ACTION ITEM ::
All of the data below should be written out exactly.
*** Opening DATA BLOCK ***
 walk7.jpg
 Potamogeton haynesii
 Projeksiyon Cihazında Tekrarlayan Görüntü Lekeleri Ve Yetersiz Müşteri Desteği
*** Closing DATA BLOCK ***
YOUR RESPONSE ::
 walk7.jpg
 Potamogeton haynesii
 Projeksiyon Cihazında Tekrarlayan Görüntü Lekeleri Ve Yetersiz Müşteri Desteği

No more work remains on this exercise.